Storage, usually in the form of batteries, is seen as a key building block of a carbon-free grid, capturing electricity produced by wind and solar. Xcel did not disclose details on its storage plans, saying battery deployment wouldn’t begin until about 2030.
“We have an important milestone in our resource plan today,” said Christopher Clark, Xcel’s president for Minnesota and the Dakotas. The company’s announcement Friday is a revision of its integrated resource plan, an important proposal before Minnesota utility regulators.
Xcel had planned to build a roughly 800-megawatt natural gas-fired plant at its Sherco site in Becker, where three large coal plants currently operate. Xcel plans to close those plants — and all of its coal generators in Minnesota — between 2023 and 2030.
Xcel had pitched the new gas plant as a replacement for the coal plants, and a necessity for the reliability of its electric grid, particularly as more wind and solar – both variable sources of power — come online.
Gas plants emit about half of the carbon dioxide as coal generators, but they are still significant greenhouse gas emitters, environmental and clean energy groups say.
Several of those groups have criticized the big Sherco gas plant as unnecessary in filings with state utility regulators. “One consistent theme in them was pretty strong opposition to our Sherco gas plant in Becker,” Clark said.

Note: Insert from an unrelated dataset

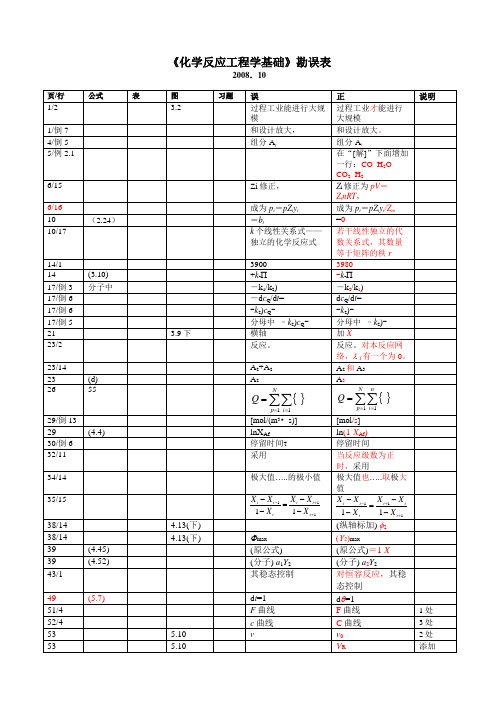 《化学反应工程学基础》勘误表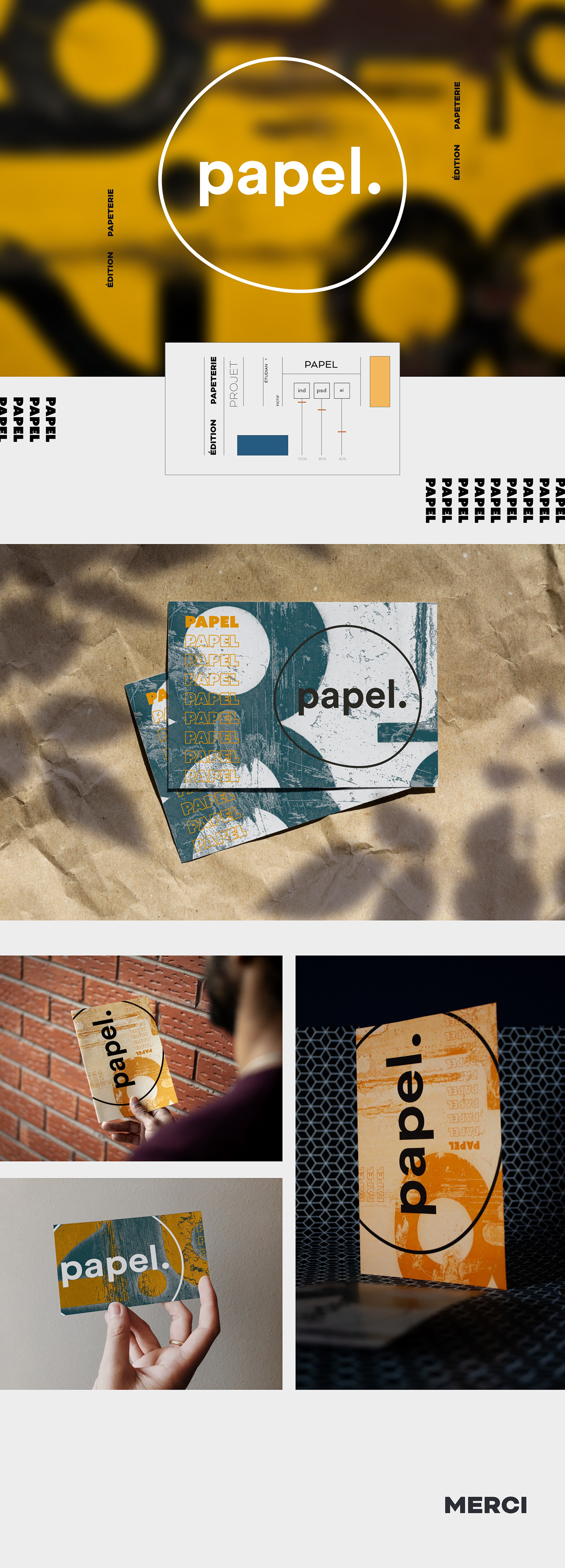 papeterie identité visuelle visual identity brand carte de visite flyer carton design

Xcel’s new plan is a blow to Becker and Sherburne County, which Clark acknowledged.
“I think they will view it as a significant loss of property taxes,” said Clark, adding the company is working with Becker to minimize the economic losses.
Also, Xcel will continue its plans to build a new solar plant in Becker, which would be four times larger than the state’s current largest solar array.

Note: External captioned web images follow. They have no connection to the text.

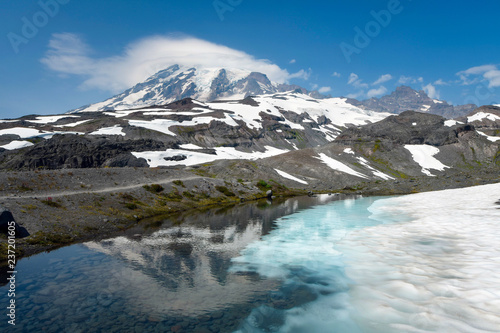 Reflection of Mount Rainier with a lenticular cloud in a melted out tarn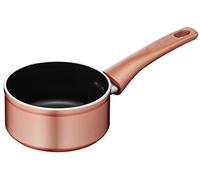 Lagostina Ramedi Casserole à manche long extérieur effet cuivre, aluminium anti-adhésif, diamètre 14 cm, noir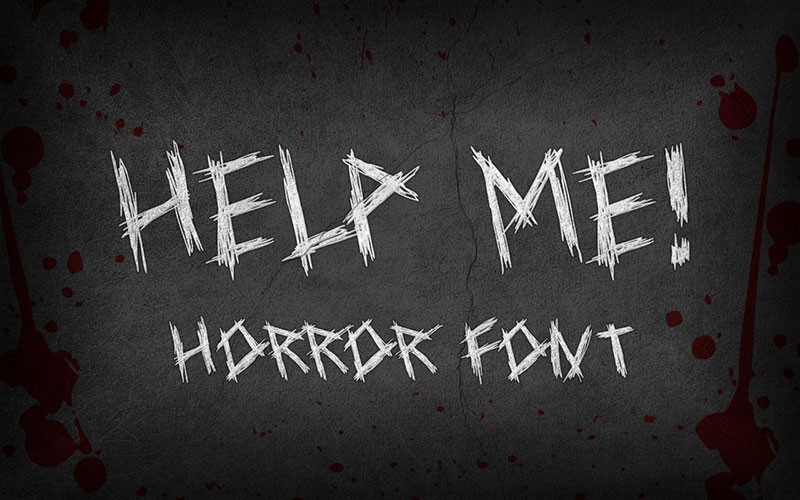 Help Me恐怖划痕英文字体，免费可商用 设计素材 第1张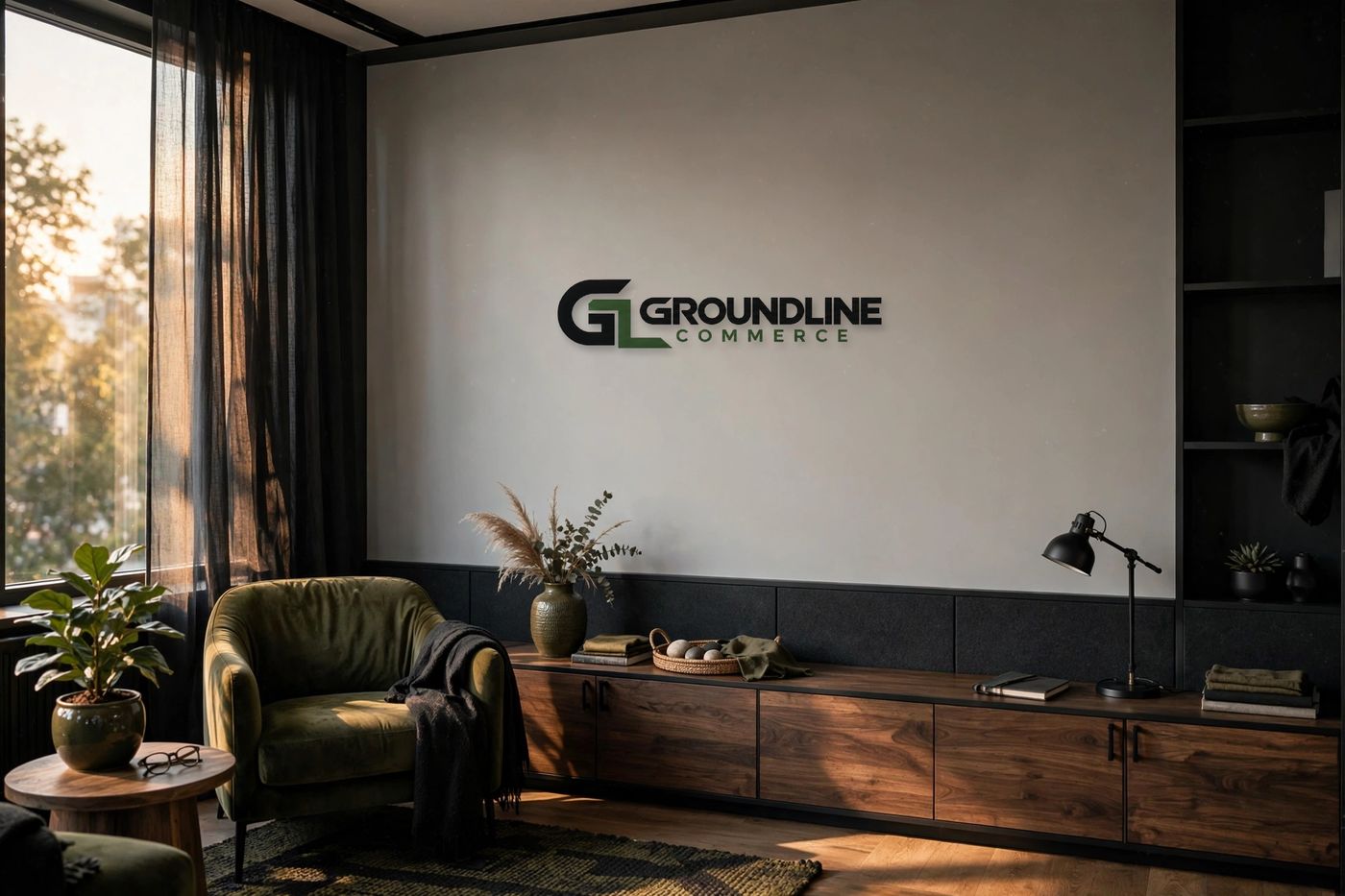 Conceptual image of a Groundline Commerce branded office space with the company logo displayed on the wall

In addition to building two new gas plants, Xcel plans to refurbish two of its existing gas plants.
The two new gas plants would both have 400 megawatts of generating capacity, roughly the same together as the Sherco gas plant. However, they would be “peaker” plants, running far less than the Sherco gas plant would have.
They would have only a 5% “capacity factor,” compared with 80% for the Sherco gas plant, said Bria Shea, Xcel’s director of regulatory strategy. “The capacity factor makes them a very different resource.”
Clark said the new gas plants would still be needed for grid reliability since the sun isn’t always shining, and the wind isn’t always blowing.”It’s really the ability to call on a resource to run when we need it to run,” he said.
Xcel said its new plan would save customers about $600 million over time and reduce its carbon emissions 85% by 2030, compared with an 80% reduction in the company’s original proposal.
Xcel was one of the first U.S. utilities to announce a goal of 100% clean energy by 2050. Doing so would mean that the company must deal with gas plants that will still be in operation by that time.
One possible alternative is capturing carbon emissions and storing them underground — currently an expensive and unproven technology. Another is moving to hydrogen as fuel in gas-fired generators, a promising but still expensive technology.
Xcel said Friday that its new gas plants would be designed to enable the use of hydrogen in the future.